What is being asked:
The lines to copy run from the one containing "Quiet editorial portrait" to the very end of the records; give them exactly, and only them, without pictures.
-.-.-
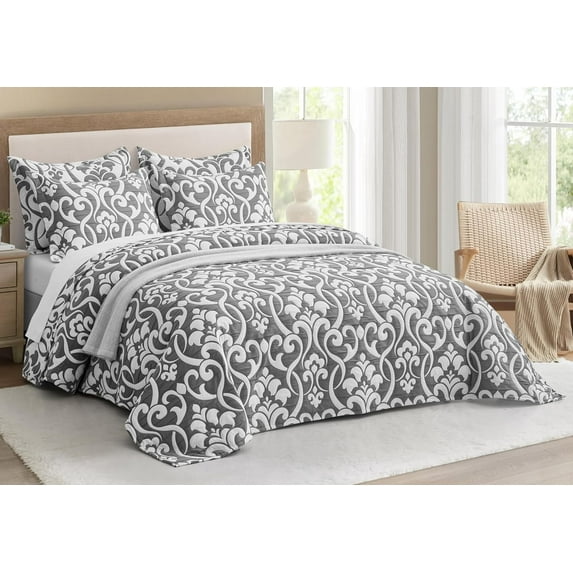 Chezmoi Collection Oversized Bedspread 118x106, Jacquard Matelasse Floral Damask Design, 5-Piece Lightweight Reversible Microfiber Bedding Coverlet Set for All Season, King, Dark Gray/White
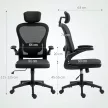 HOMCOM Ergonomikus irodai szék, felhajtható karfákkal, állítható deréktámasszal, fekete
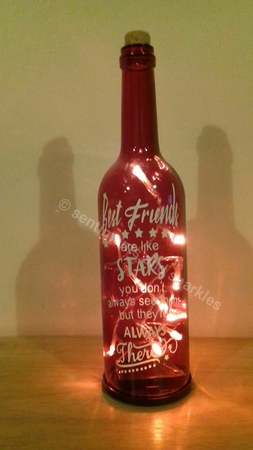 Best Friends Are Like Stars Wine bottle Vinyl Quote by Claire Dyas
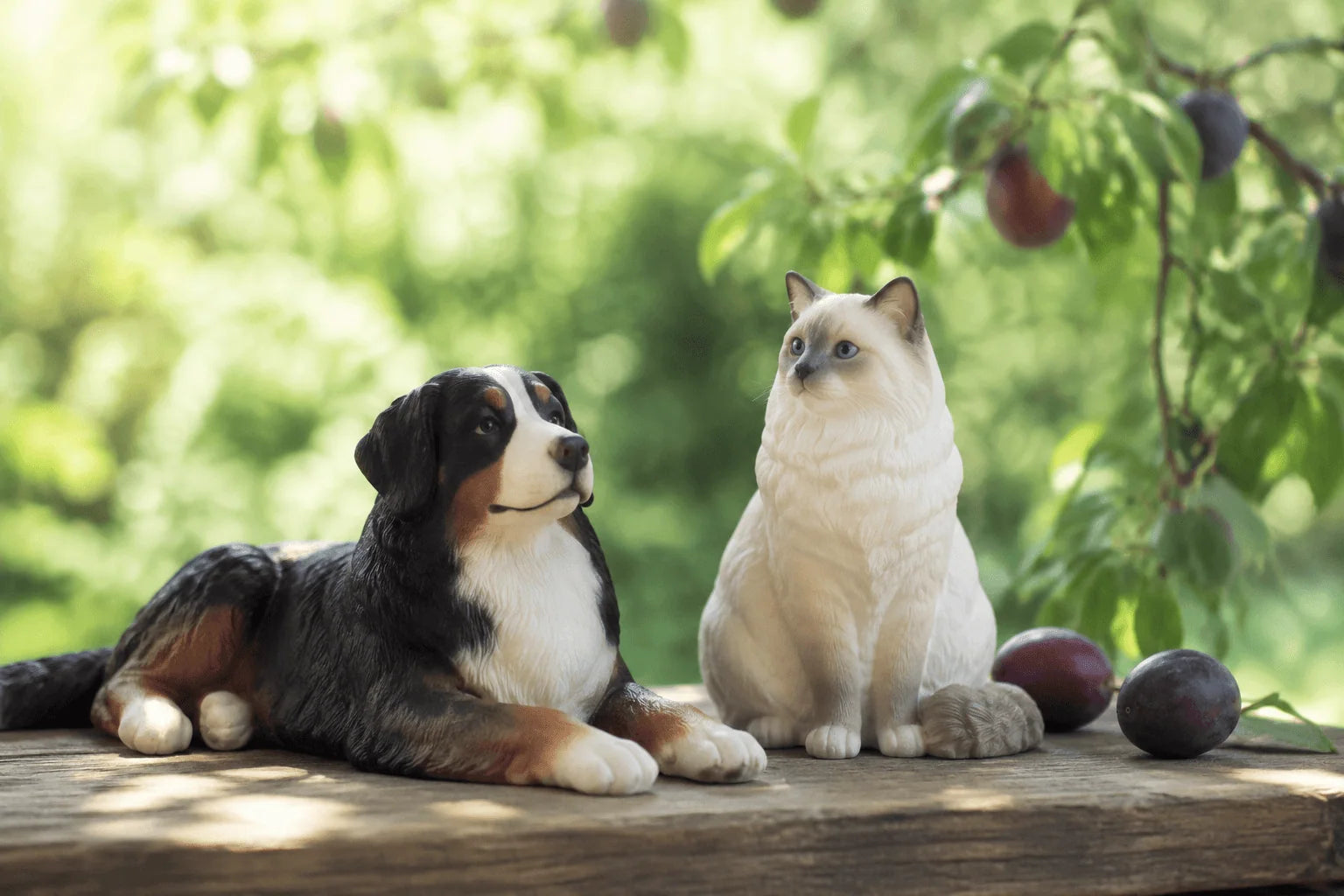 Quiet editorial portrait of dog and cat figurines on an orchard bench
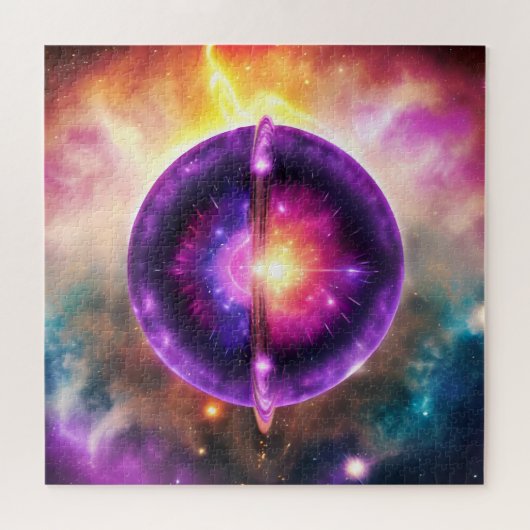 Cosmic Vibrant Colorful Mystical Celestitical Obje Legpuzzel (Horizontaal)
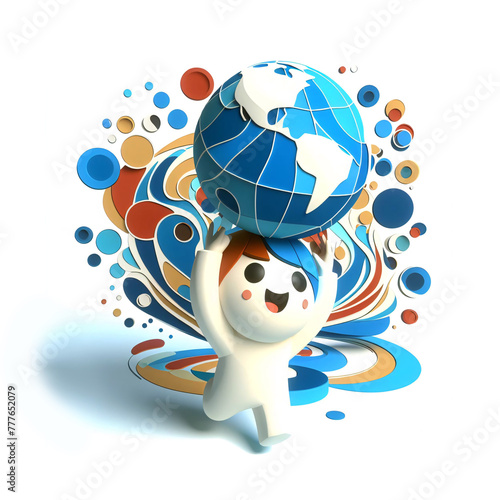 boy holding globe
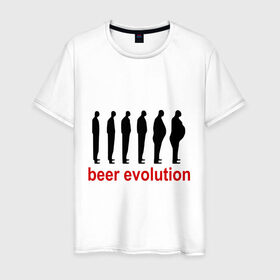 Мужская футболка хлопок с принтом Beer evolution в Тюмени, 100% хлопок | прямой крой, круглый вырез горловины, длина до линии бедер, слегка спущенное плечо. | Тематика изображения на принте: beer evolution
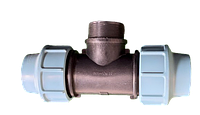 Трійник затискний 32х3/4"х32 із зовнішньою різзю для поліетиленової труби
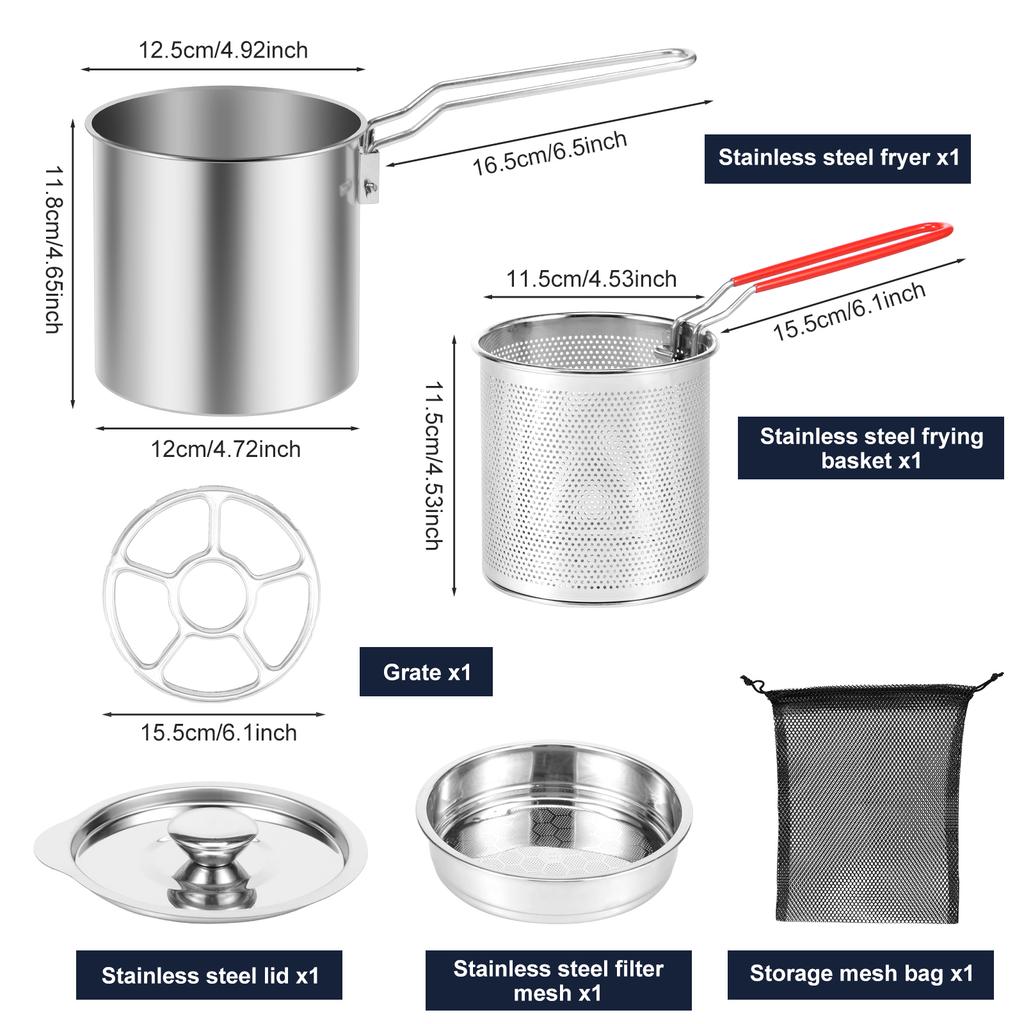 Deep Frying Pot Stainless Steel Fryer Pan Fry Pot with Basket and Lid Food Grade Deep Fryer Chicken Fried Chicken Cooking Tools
-.-.-
Task response:
 Quiet editorial portrait of dog and cat figurines on an orchard bench
 Cosmic Vibrant Colorful Mystical Celestitical Obje Legpuzzel (Horizontaal)
 boy holding globe
 Мужская футболка хлопок с принтом Beer evolution в Тюмени, 100% хлопок | прямой крой, круглый вырез горловины, длина до линии бедер, слегка спущенное плечо. | Тематика изображения на принте: beer evolution
 Трійник затискний 32х3/4"х32 із зовнішньою різзю для поліетиленової труби
 Deep Frying Pot Stainless Steel Fryer Pan Fry Pot with Basket and Lid Food Grade Deep Fryer Chicken Fried Chicken Cooking Tools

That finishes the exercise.